One of the interesting sights at Delphi was the Omphalos, Greek for navel, a four foot high hollow stone with a carving of a knotted net covering its surface. According to legend, Zeus sent two eagles flying across the earth to meet at the center, or navel, of the world. The Omphalos was said to allow direct communications with the gods, and may have been made hollow to channel intoxicating vapors from below ground that the oracle (a priestess) would breathe in and interpret for pilgrims coming to Delphi for guidance. It is probably not coincidence that there is another omphalos in the Church of the Holy Sepulchre in Jerusalem that was said to be the foundation on which the Ark was placed when God revealed himself to his people. It was also called the navel of the world, and as the tradition developed during the Hellenistic period after the Omphalos of Delphi was already in use, was probably an attempt to copy and compete with its Greek version.

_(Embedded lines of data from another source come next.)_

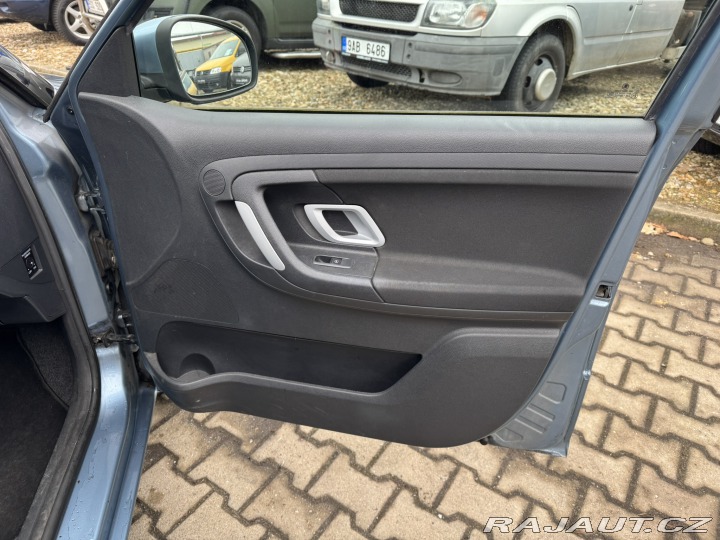 Škoda Fabia 1,2 HTP 51KW 1 MAJ STK SK 2007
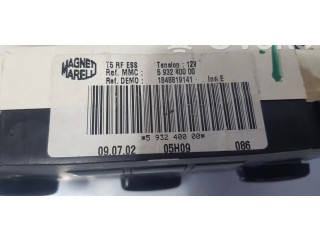 Vstřikovací čerpadlo 593240000   Peugeot 307     
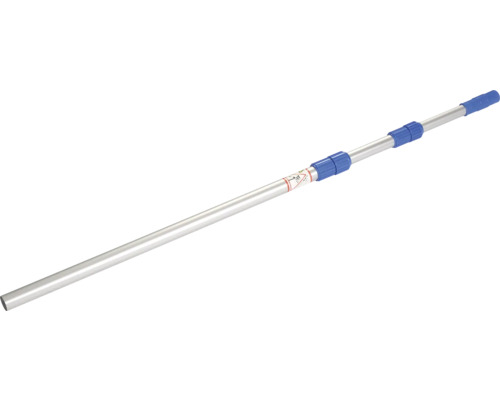 Telescoopstang van aluminium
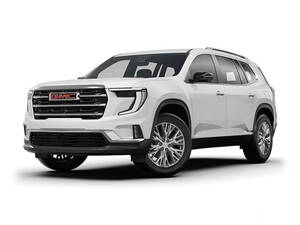 GMC Acadia 3rd Generation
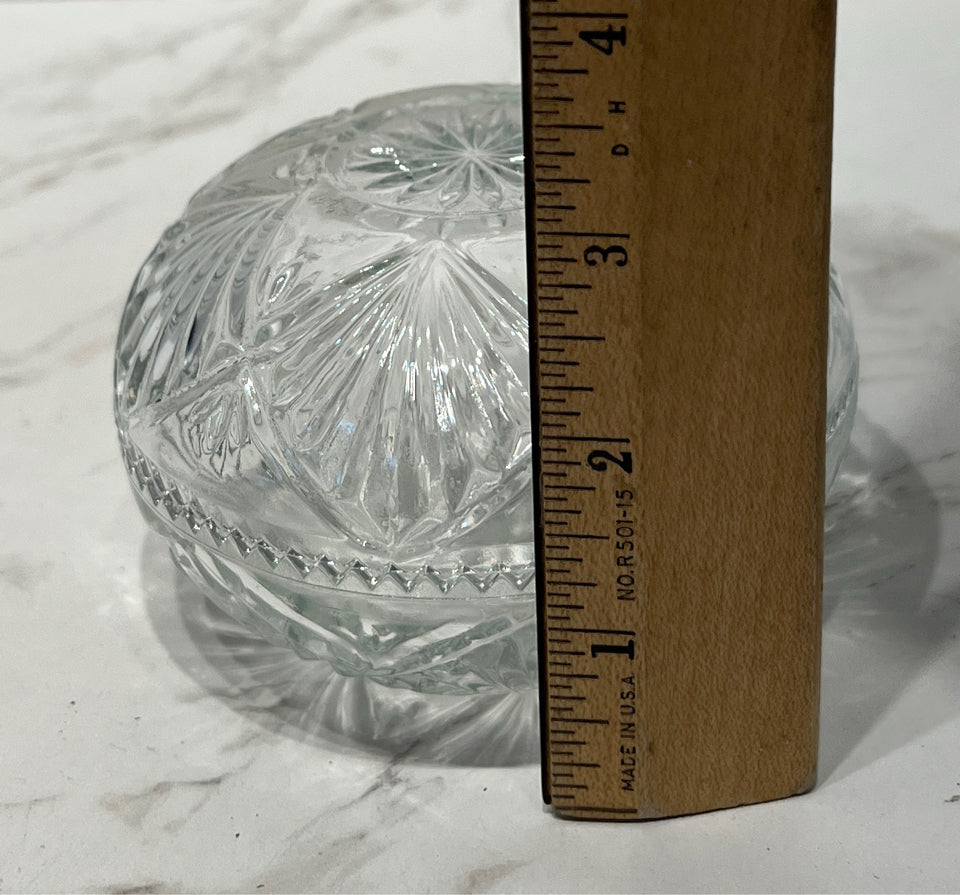 Covered Bowl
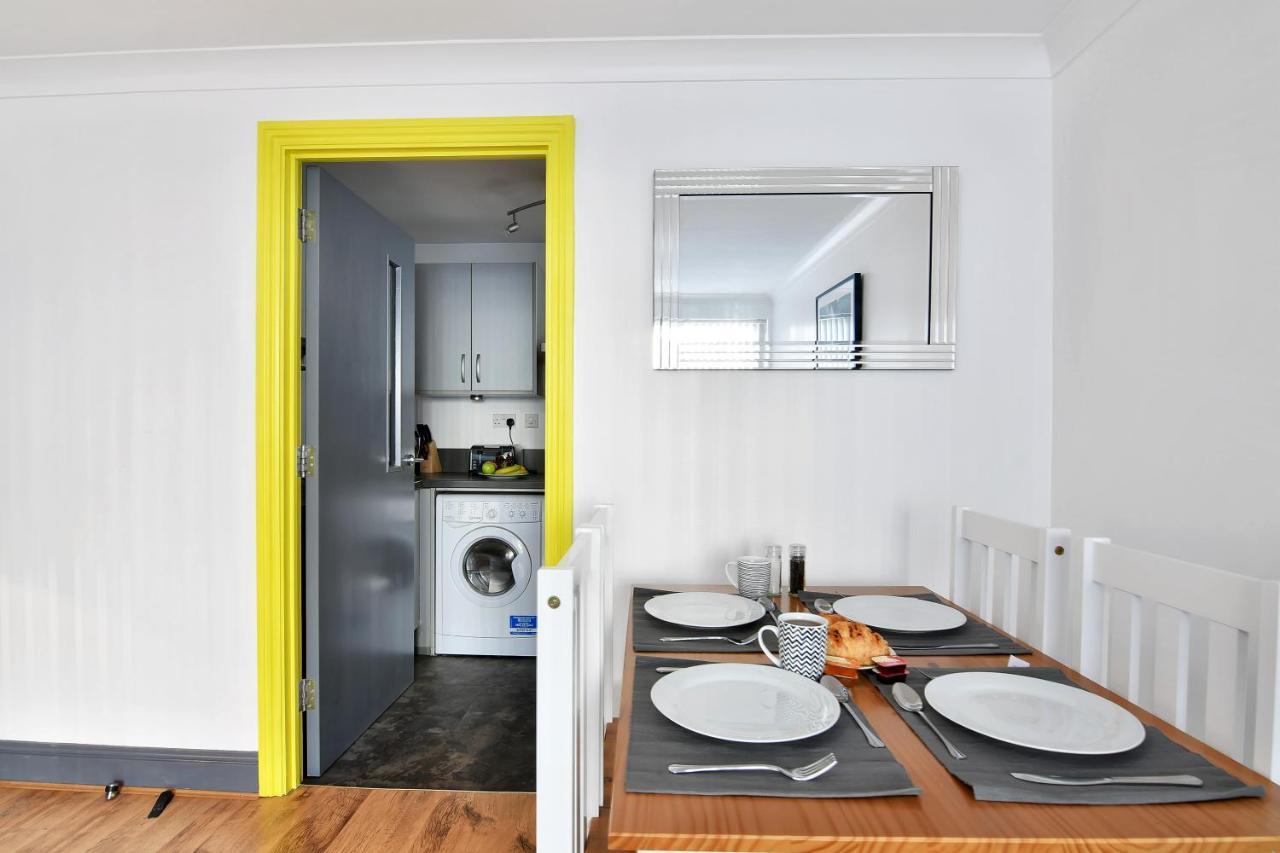 Xclusive Living Stay In City Centre, The Qube Бирмингам Екстериор снимка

Because of the historic spirituality of the entire Delphi site, Suzanne suggested that everyone take time to meditate near the Temple of Apollo and consult the Oracle, which she reminded them, is actually inside all of us. She personally received a surprising and meaningful answer to the question she asked.
The most impressive statue in Delphi’s museum is this life-size bronze charioteer in almost perfect condition. Part of a set of six horses, a chariot, and two grooms, it was erected in 478 BC by Polyzalus, the tyrant of Gela, a Greek colony in Sicily, to celebrate the victory of his chariot team in the Pythian games (like the Olympic games, held every 4 or 8 years). (What if NFL team owners commissioned bronze statues to celebrate their Superbowl victories; that would certainly help our sculptors…)
Okay, enough history… we also had time to explore modern Delphi and a nearby town, Arochova. It is near a ski and snowboarding center on Mount Parnassus, and is relatively modern, with lots of shops and restaurants. The architecture is quite stunning, with houses built in terrace fashion up the steep mountainside.
The streets here are quite narrow, and traffic jams can be, well, interesting; this lady on her ATV may not be familiar with the mariner’s Law of Gross Tonnage, but is surely at a disadvantage with the approaching tour bus… speaking of buses, Suzanne and I joked about bringing our motor coach over here and touring Europe. I can’t imagine the stress of trying to fit it down streets originally designed only for walking, or maybe an occasional oxcart. And don’t even think about the $9.00/gallon diesel fuel prices.
This wood products shop was one of my favorites. I thought about buying a neat wooden slingshot, but realized that the TSA officers might frown on any hand-held weapons in my luggage.
We had a great group dinner in Delphi. These photos prove that this was a happy, fun group, even before the raki (also known as arrack, a raw, hard liquor distilled from anise or grapeseed) and retsina (Greek wine made with pine sap; it tastes a bit like turpentine) started flowing… the food was much tastier than the drinks.